Davis had a lot of interest in the Japanese art of comics and graphic novels — an industry that was starting to grow in popularity in the U.S. He decided to give it a try, driving 90 minutes each way to teach an extension class on manga.

“It got so popular that people wouldn’t want to leave,” Davis says. “So, we would go till 2 or 3 in the morning. One of the people in the class would actually cook for everyone because people would get hungry at about 1 in the morning.  For our end-of-semester event in one class, I took them to pitch their mangas to an executive at Tom Cruise’s production company. They couldn’t believe it.”

The manga class got so popular that he developed a second and then a third class. When he was offered a tenure track teaching job at USC, he converted those three classes into a full semester course, which to his knowledge, is the only class in U.S. higher ed devoted to students creating manga. He also advises the We Make Manga student club, which often meets on weekends in his office in McMaster College.

Northrop Davis and student look at book in professor's office
Northrop Davis has made his mark on the USC campus by teaching, encouraging, mentoring and guiding his students. And it’s a connection that lasts long after graduation.

It’s a change from when he started at USC in 2008, when manga hadn’t yet made a big impact in South Carolina.
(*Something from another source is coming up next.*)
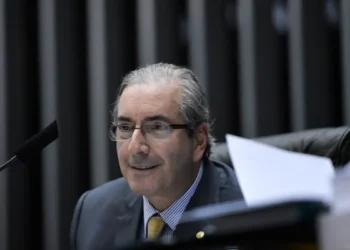 STF bloqueia R$ 6 mi de Eduardo Cunha por direcionar emendas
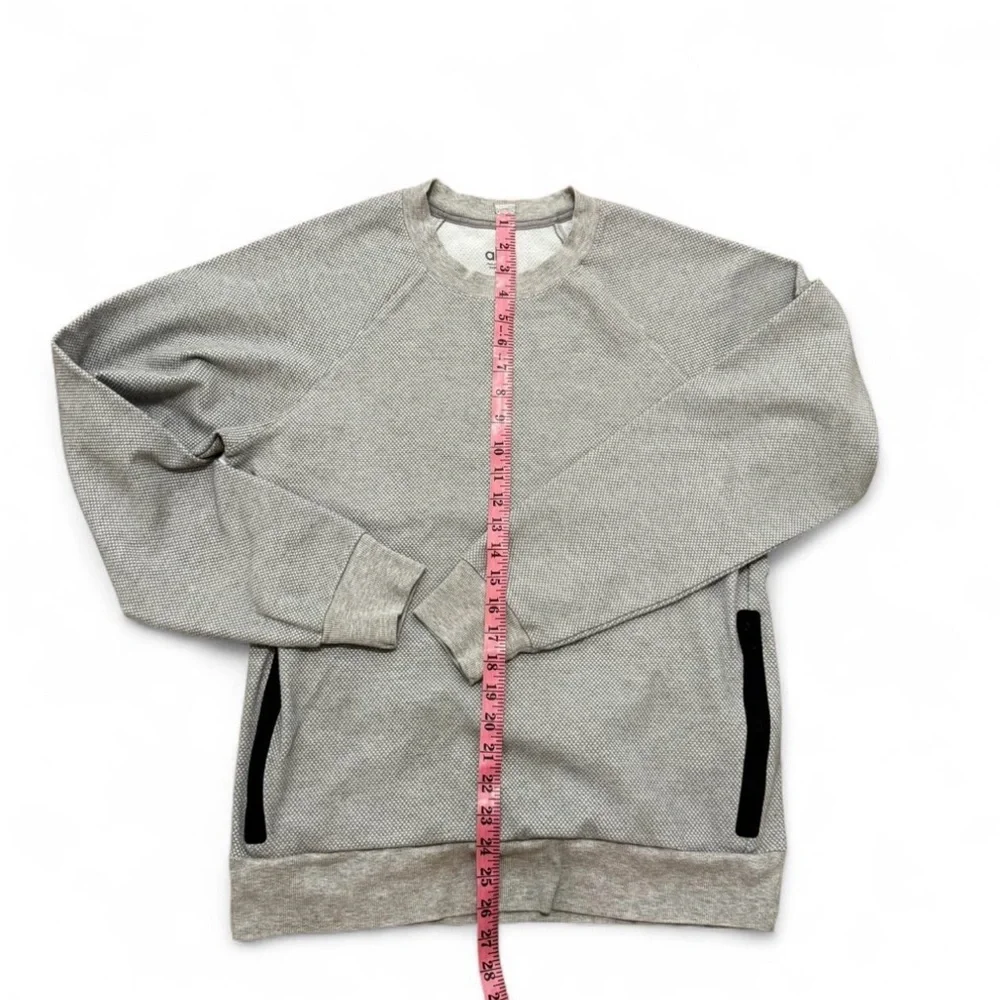 ALO Yoga Gray Crewneck Sweater - Picture 4 of 8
He laughs now, remembering the story of an advisor who told a few students, “’Just sign up for the class. He’s some new cool professor. Something about Japanese comics or something.’ And, of course, now it’s just like the biggest thing there is.”
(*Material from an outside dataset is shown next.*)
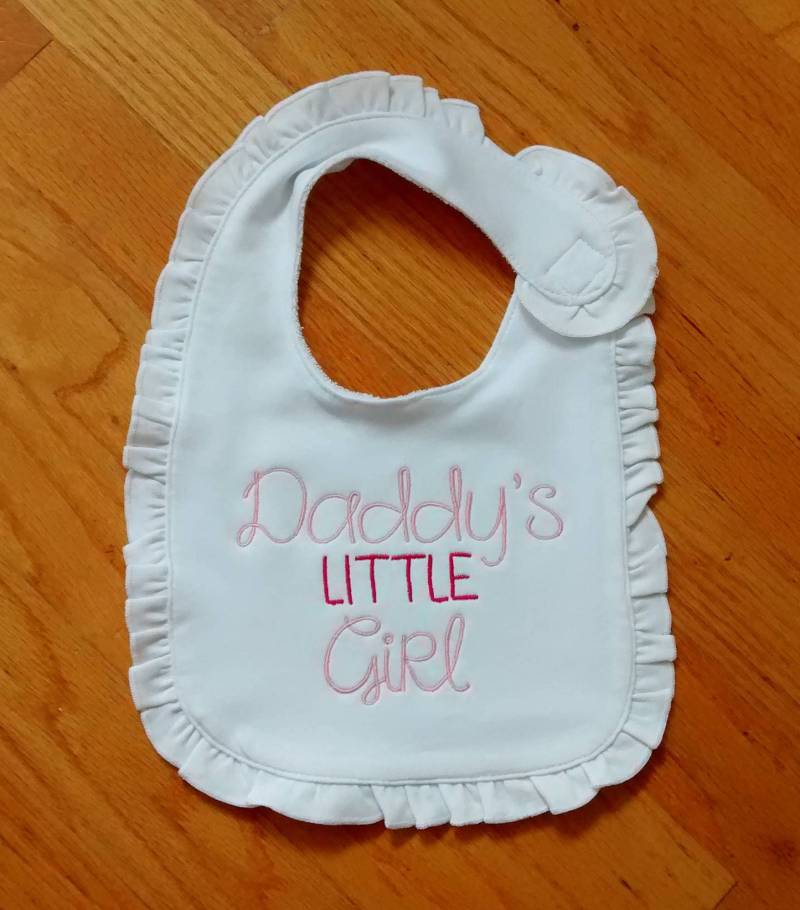 Papas Kleines Mädchen Lätzchen Mit Rüschen Papas Kleines Mädchen Lätzchen Mit Rüschen von Etsy - ThreeThreadsSC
As for what makes him such a good teacher, he believes there isn’t one secret or method to success in the classroom. “But for me, a major part of what I do is I attempt to make students believe in themselves, believe that they really can achieve things.”

And the students respond enthusiastically. In screenwriting, manga and TV writing courses, he shows them the steps a person must take, including pitching, outlining, critiquing each other. And then he watches them soar — in class, and in the years to come.

“A major part of what I do is I attempt to make students believe in themselves, believe that they really can achieve things.”

Northrop Davis

“They find their niche and they’re becoming so sophisticated at it. So then when they talk to me and they tell me what they’re doing, I bring their cutting-edge knowledge back to my current students,” he says. “I have them talk to my students, and I travel to LA to connect the grads and current students to each other and my own contacts there.”

But while the students enjoy the classes — and Davis enjoys teaching them — what they are learning can be difficult to master.  

“What I teach my students is not easy to do. The Mungo Awards selection committee anonymously polled them on the difficulty of my classes, and they said they are hard and challenging.  I am so proud of our students, and when I was asked to speak to a class at MIT, where they were using my book, I bragged about the quality of my students and said they are just as good. I believe we have something really special here at USC in our wonderful students, faculty, staff and administration. And I am so pleased that the Mungo family is supporting that.”